Just wanted to note that I also have the problem of poor test performance, specifically using small batch sizes (anything smaller than 10 instead of the 200 I used for training diminishes test accuracy). I've used a tf.placeholder to switch between testing/training mode.
It's great that this batch normalization layer works for better training convergence, but if you can't apply the model in production, there isn't much of a point in using it. Can anyone confirm good test performance with small or single data samples using this batch norm layer?
I can confirm that test performance is good when using is_training=False with small batches and even with batch_size=1, since it is not using statistic from the batch, but the statistic learnt during training.
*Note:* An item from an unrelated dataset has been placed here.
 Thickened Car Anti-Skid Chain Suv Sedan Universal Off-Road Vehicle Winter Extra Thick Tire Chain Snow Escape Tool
Just need to make sure that the statistics have converged with default decay=0.999 that implies at least 50k updates.
To follow up with TF developer's confirmation, I track the convergence of the statistics with two different decay
settings (and training batch_size=1). With decay=0.99
, the statistics converge (bias<0.001) after 550~600 steps of learning/updates. With decay=0.9
, the statistics converge (biase<0.001) within within 100 steps of learning/updates.
@sguada thanks, does that also mean the output is actually independent of the batch size? because I'm noticing very slight changes with big impact on my accuracy (maybe my definition of performance is just more easily affected by this slight change). To be precise, all values in my 128 dimensional output tensor increase such that the total vector length scales almost linearly with the batch size. Per value this isn't that much of a difference, but has a big impact when computing vector distances in latent spaces.
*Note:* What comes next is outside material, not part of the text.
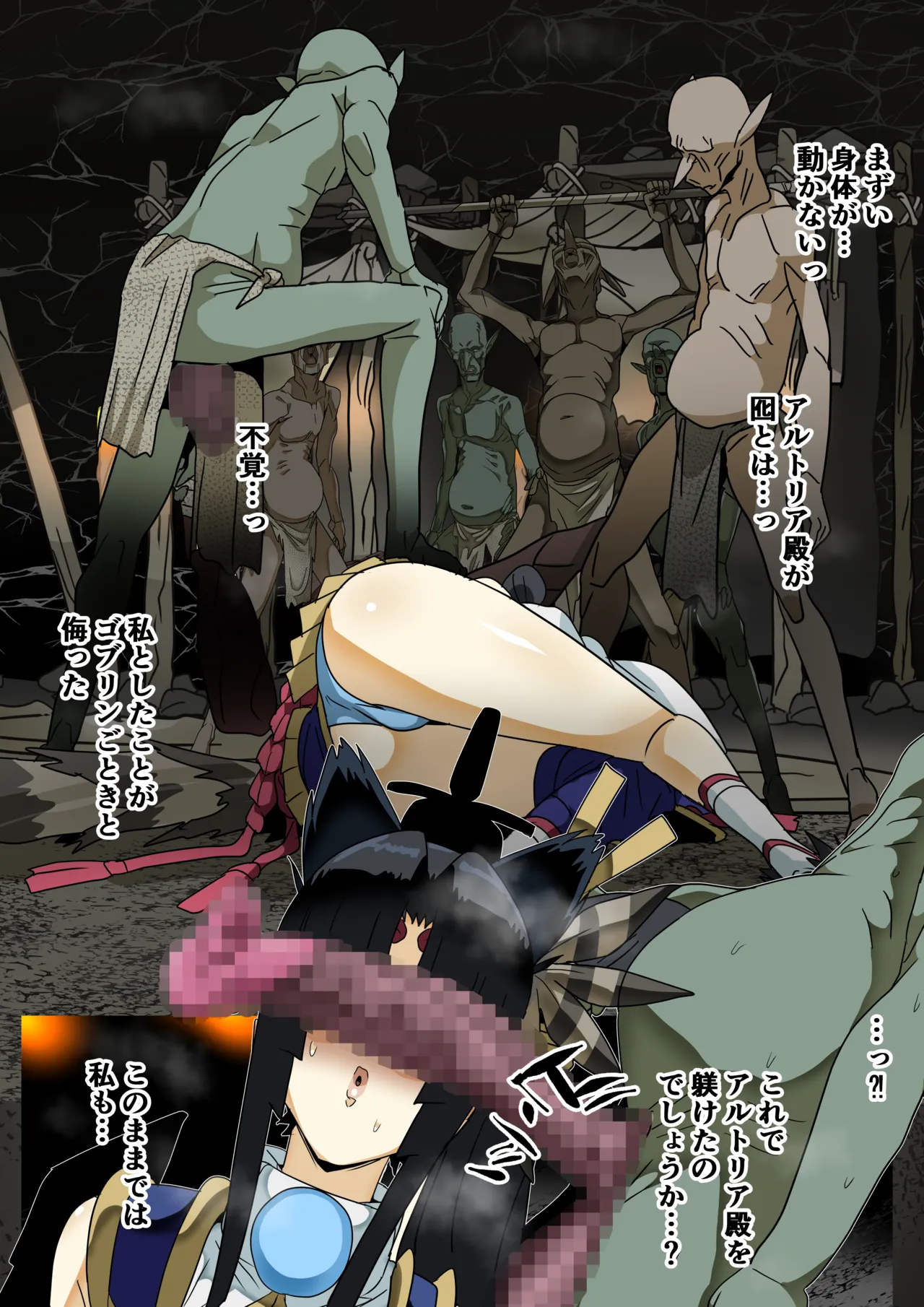 ゴブリンの巣 牛若丸編 - page4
@zhongyuk thanks, I've run about 5k updates with decay=0.9
, so it should've converged and testing performance using large batch sizes is fine. But even if it didn't, would it result in a difference between training a testing? I'd be seeing bad performance during training and testing if it hadn't converged, right?
I will investigate some more and see if I can reproduce the issue on another task. Thanks for the quick feed back so far!
@dominikandreas If your poor testing performance is caused by statistics not converging, you'd see reasonably good training performance but bad testing performance. Because during training, the batch normalization is done using the training batch statistics only. However, during testing time, it's using the moving average statistics of all the training batches to normalize the input tensor.
I found and error in my code, batch normalization is working fine now :-) thanks for your support
Hi @zhongyuk , how did you keep track of the moving mean and variance?
Thanks!
@rogertrullo Generally I setup TensorBoard to track moving mean and variance. Other than that, I also tried fetching statistics through tf.get_variable("moving_mean")
within scope during training and reference to monitor the bias.
hi,
I have same problem as other described that I have good training results but validation/testing is bad after using batch_norm.
I use the function like this:
conv_normed1 = tf.contrib.layers.batch_norm(conv1 + block1_layer3_1_biases, updates_collections=None, scale=True, decay=batch_norm_decay, center=True, is_training=is_training )
decay value is 0.9
do I need to set the reuse flag?
I will glad for any help.
I have been using batch_norm as described in this thread (with a tf.bool for training; and ops.GraphKeys.UPDATE_OPS) and everything works.
When saving and restoring using:
saver = tf.train.Saver()
it works,
but when saving using:
saver = tf.train.Saver(tf.trainable_variables() + [global_step])
so that I can save storage space (by not saving the gradients etc)
on restore there is an error:
"uninitialized value unpool4/convc/bn/moving_mean"
Obviously this is because moving_mean (and I suppose moving_variance) hasn't been saved for any of the layers. As I have lots of them (nested in many layers) - what is the most efficient way of adding them to the list of values to be saved? Also, given that these are trainable variables, why are they not addded to the trainable_variables collection?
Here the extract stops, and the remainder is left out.